Patent Application
20140374435
There are a variety of storing and dispensing containers in the market, particularly those for storing and dispensing wipe-type products. Wipe-type products or wipes have been made from a variety of materials which can be dry or wet when used. Wet wipes can be moistened with a variety of suitable wiping solutions. Typically, wet wipes have been stacked in a container in either a folded or unfolded configuration. For example, containers of wet wipes have been available wherein each of the wet wipes stacked in the container has been arranged in a folded configuration such as a c-folded, z-folded or quarter-folded configuration as are well known to those skilled in the art. Sometimes each folded wet wipe is interfolded with the wet wipes immediately above and below it in the stack of wipes. In an alternative configuration, the wet wipes have been placed in a container in the form of a continuous web of material that includes perforations adapted to allow for separation of individual wet wipes from the web upon the application of a pulling force. Such wet wipes have been used for baby wipes, hand wipes, personal care wipes, household cleaning wipes, industrial wipes and the like.
Conventional wipes dispensers may be classified into two categories: (1) relatively stiff, durable tubs that are relatively large, are designed to be refilled, and that do not change in volume as wipes are removed; and (2) rigid “flip-top” packages that are made of highly flexible, plastic film material and that shrink in volume as wipes are removed, but that are not refillable. What is needed in the art is a wipes dispenser that in particular embodiments does not possess the enormity and resistance of common baby wipes “tubs”; is refillable; that shrinks in volume as wipes are removed; and dispenses wipes efficiently.
In one embodiment of the invention, the refillable dispenser for pre-moistened wipes defines a length dimension and a width dimension.
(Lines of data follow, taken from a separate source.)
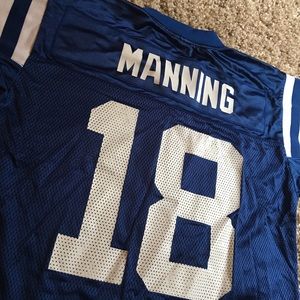 🔷 Reebok authentic Peyton Manning Colts jerseys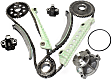 2-Piece Kit Timing Chain Kit, 4.6L, 8Cyl, Includes (1) Water Pump and (1) Timing Chain Kit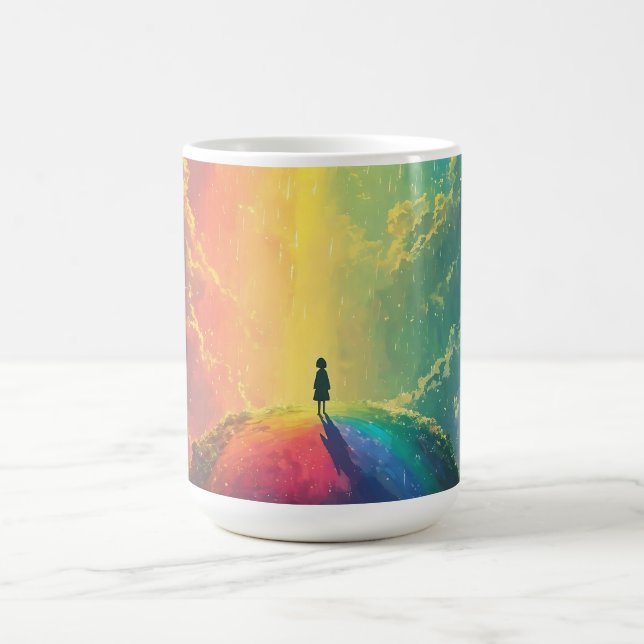 Taza De Café Un hermoso sueño (Centro)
The dispenser includes a flexible pouch having a top and a bottom spaced apart in the width dimension. The bottom terminates at a bottom edge. The pouch has a front wall, a back wall, and an interior space between the front wall and the back wall. The dispenser includes a dispensing opening formed in the front wall. The dispensing opening has a dispensing opening width that extends in the width dimension, and the dispensing opening defines a midpoint along its width. The dispenser further includes a movable cover adapted to cover the dispensing opening. The dispenser includes a seam that extends generally in the length dimension and that is disposed generally at the pouch top. The seam can be opened to an open position and resealed to a closed position to connect the front wall to the back wall. The open position is configured to define a refill opening. The seam defines a seam inner edge and a seam outer edge. The midpoint of the dispensing opening is disposed closer to the bottom edge than to the seam inner edge.
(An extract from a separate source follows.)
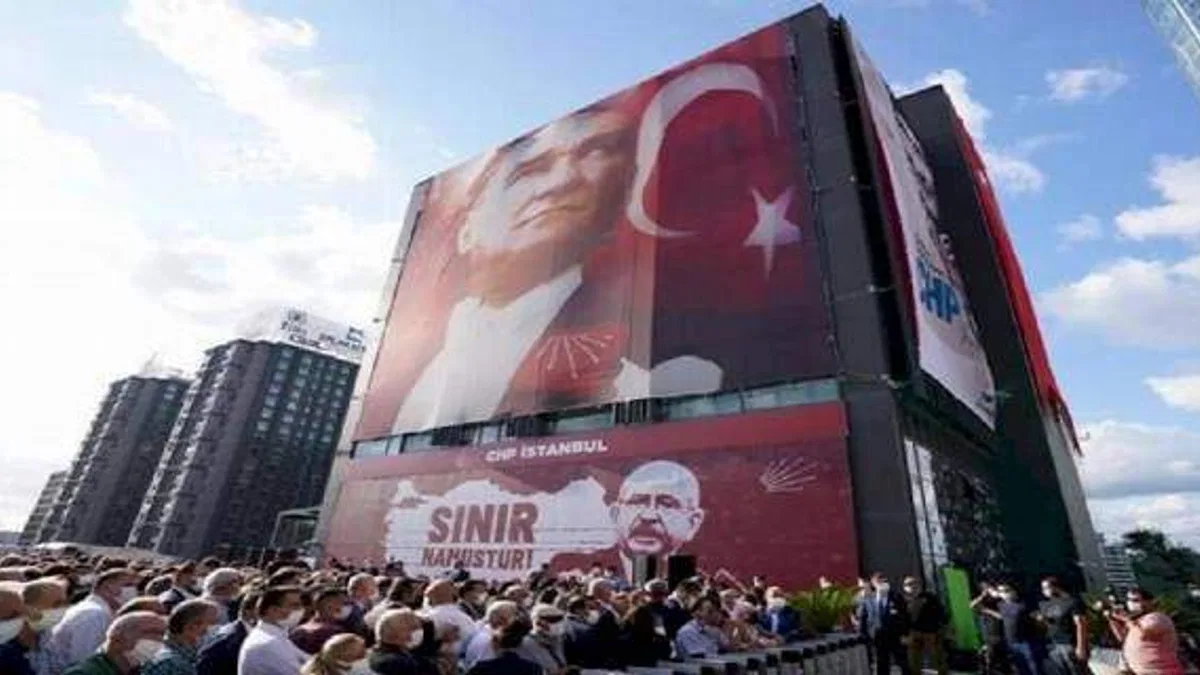 CHP'ye ateş eden 4 kişi yakalandı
In particular embodiments, the dispenser further includes a stack of pre-moistened wipes. The wipes define a stack width that extends in the width dimension. The interior space defines an interior space width that extends from the seam inner edge to the bottom edge. The stack width is X% of the interior space width, wherein X is at most 90. The midpoint of the dispensing opening is disposed closer to the bottom edge than to the seam inner edge by an amount of approximately (100-x)% of the interior space width.
In particular embodiments, the front wall and the back wall are each formed of a flexible material having a bending resistance of between about 40 milligrams of force and 150 milligrams of force, and the flexible material has a thickness of between about 8 mils and about 15 mils.
In particular embodiments, a refillable dispenser 20 houses a stack 22 of pre-moistened or wet wipes, such as diapering wipes, toileting wipes, feminine care wipes, or other wipes known in the art. The dispenser defines a length dimension 21 and a width dimension 23. The dispenser 20 comprises a flexible pouch 30 that has a top 27 and a bottom 29 spaced apart from each other in the width dimension 23. The top 27 terminates at a top edge 33 and the bottom 29 terminates at a bottom edge 35. The pouch 30 has a front wall 32, a back wall 34, and an interior space 36 between the front wall 32 and the back wall 34.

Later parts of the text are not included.